_WORK TO BE COMPLETED_
Retype only the lines from the top of the records to the line with "Видеокарта Gigabyte PCI-E", including that line but none of the pictures.
--- RECORDS Enclosed Below ---
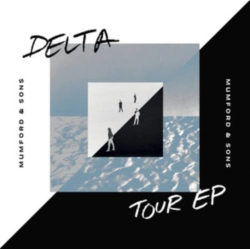 Capa do artigo Delta tour live EP - Vinil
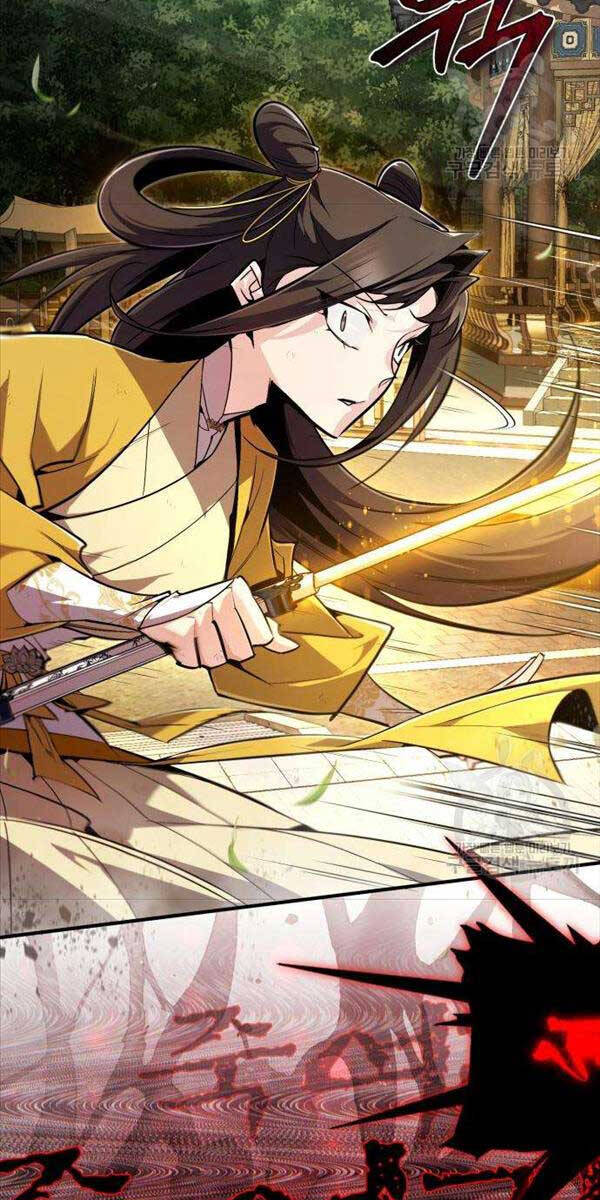 Giảng Sư Đứng Đầu, Baek Sư Phụ: Chapter 89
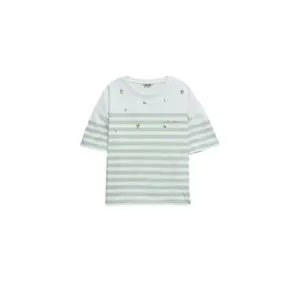 Women's T-shirt Salsa Jeans image-0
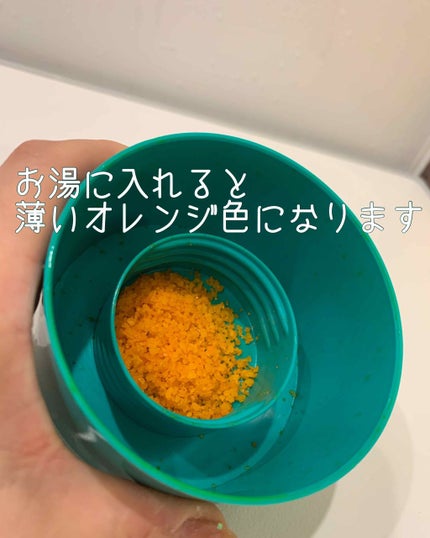 クナイプ バスソルト ラベンダーの香り/クナイプ/無機塩系入浴剤を使ったクチコミ(2枚目)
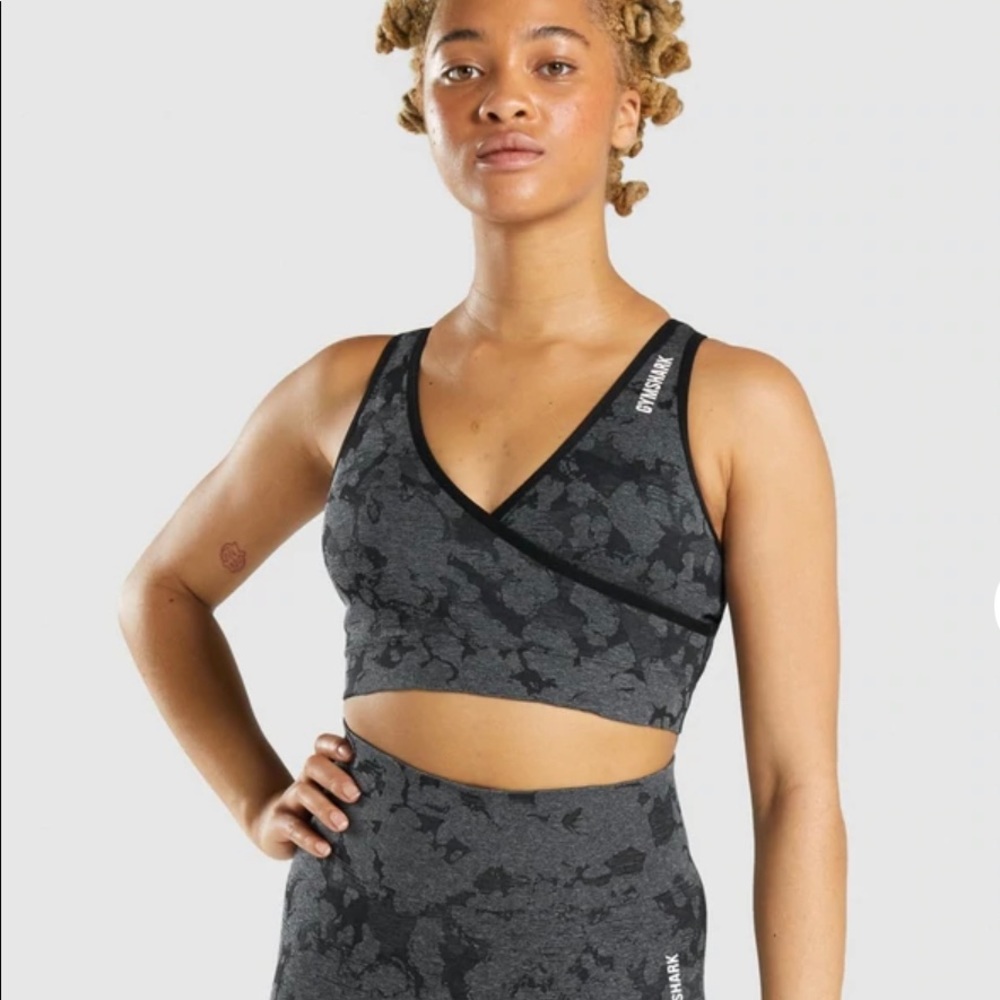 Gymshark Adapt Seamless Bra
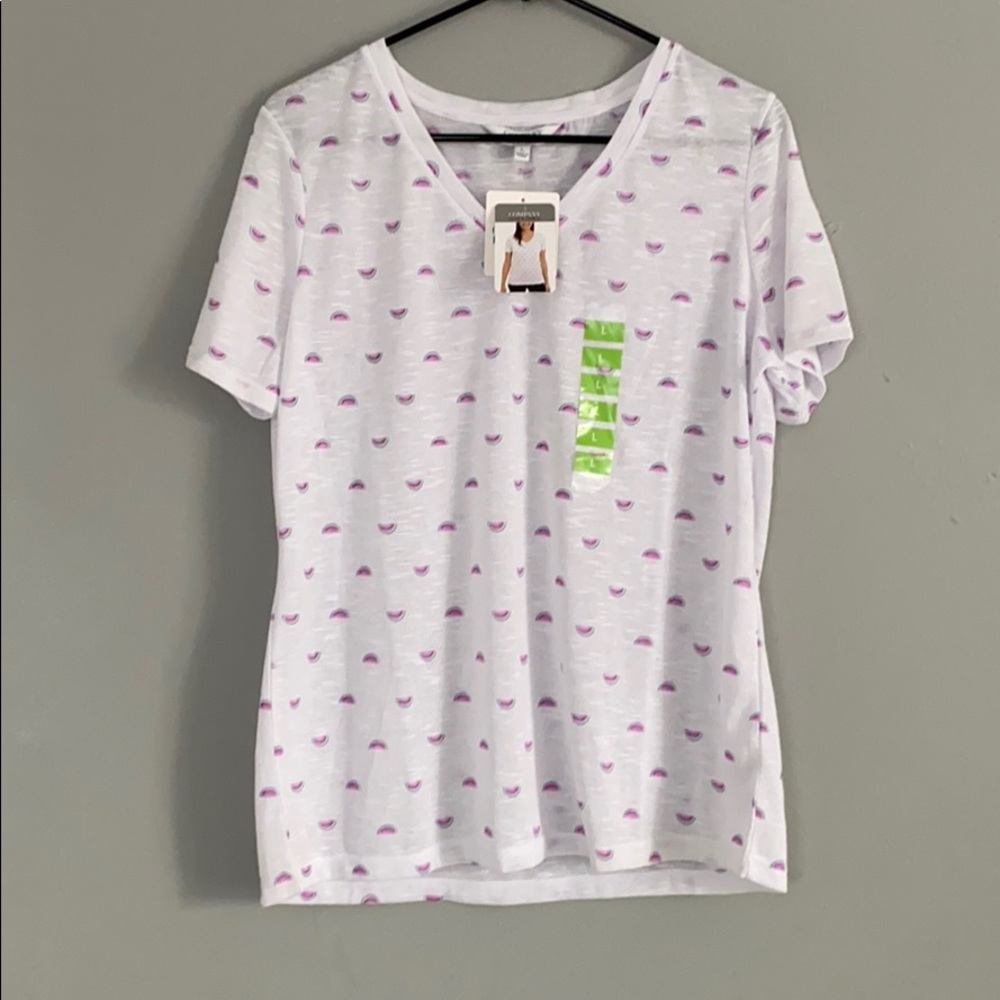 Watermelon t shirt!! Soooo cute!!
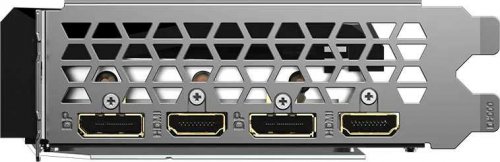 Видеокарта Gigabyte PCI-E 4.0 GV-N3060GAMING OC-12GD 2.0 LHR NVIDIA GeForce RTX 3060 12288Mb 192 GDD фото 5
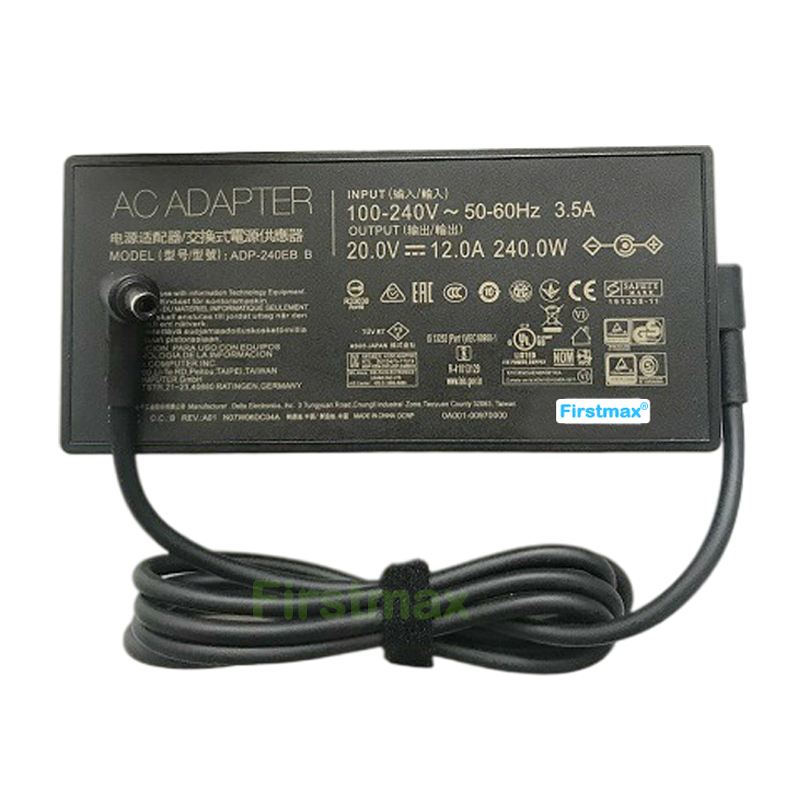 20V 12A 240W AC Adapter for As - Pc Gaming Rog review and price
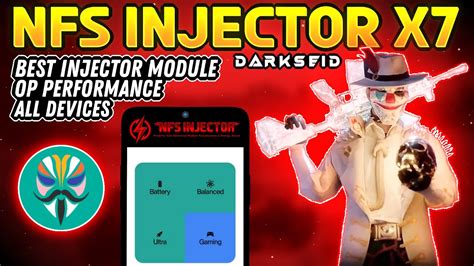 Nfs injector how to use. .  ...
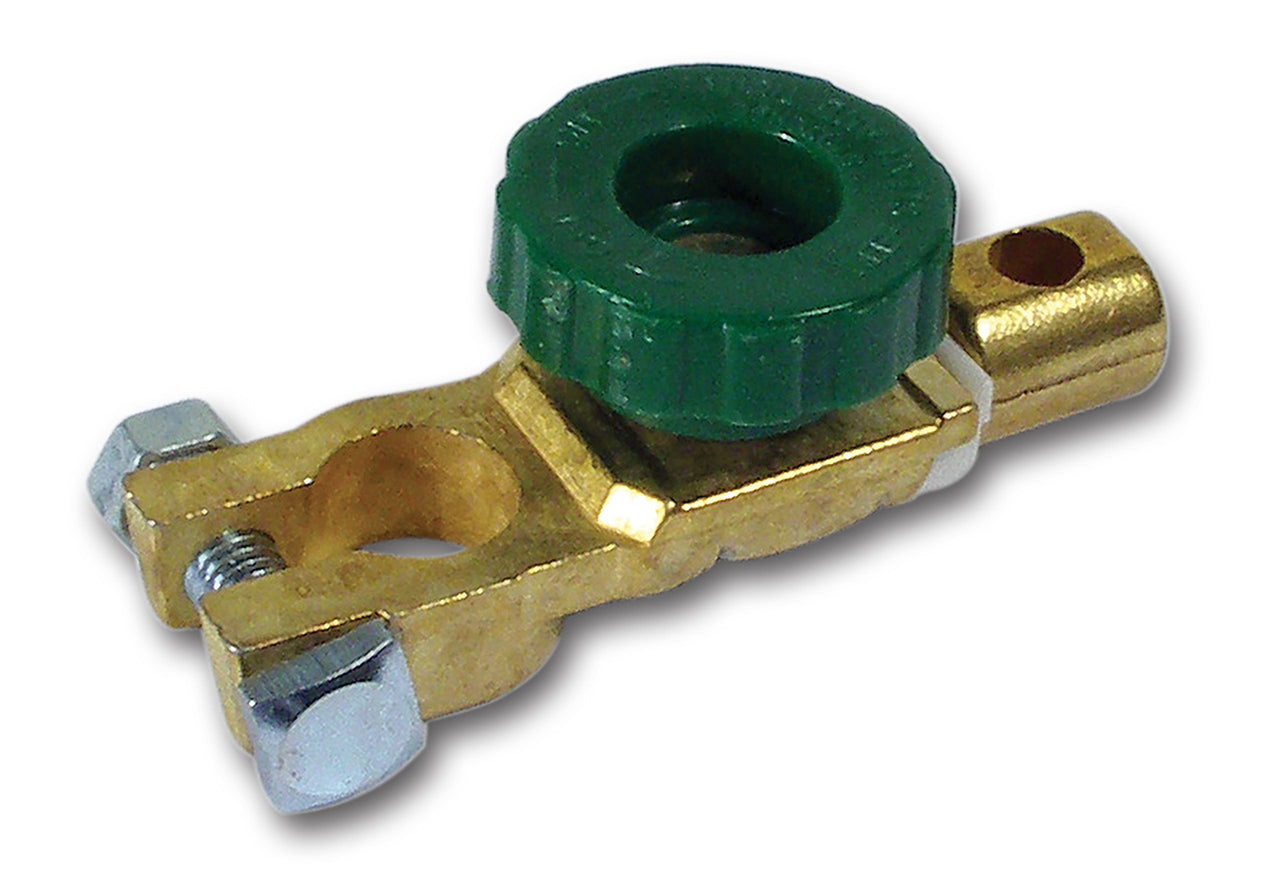 1953-1969 Corvette Battery Disconnect Switch. Top Post - CA-25030-Corvette-Store-Online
--- End of Enclosed RECORDS ---
_RESULT FOR THIS TASK_
 Capa do artigo Delta tour live EP - Vinil
 Giảng Sư Đứng Đầu, Baek Sư Phụ: Chapter 89
 Women's T-shirt Salsa Jeans image-0
 クナイプ バスソルト ラベンダーの香り/クナイプ/無機塩系入浴剤を使ったクチコミ(2枚目)
 Gymshark Adapt Seamless Bra
 Watermelon t shirt!! Soooo cute!!
 Видеокарта Gigabyte PCI-E 4.0 GV-N3060GAMING OC-12GD 2.0 LHR NVIDIA GeForce RTX 3060 12288Mb 192 GDD фото 5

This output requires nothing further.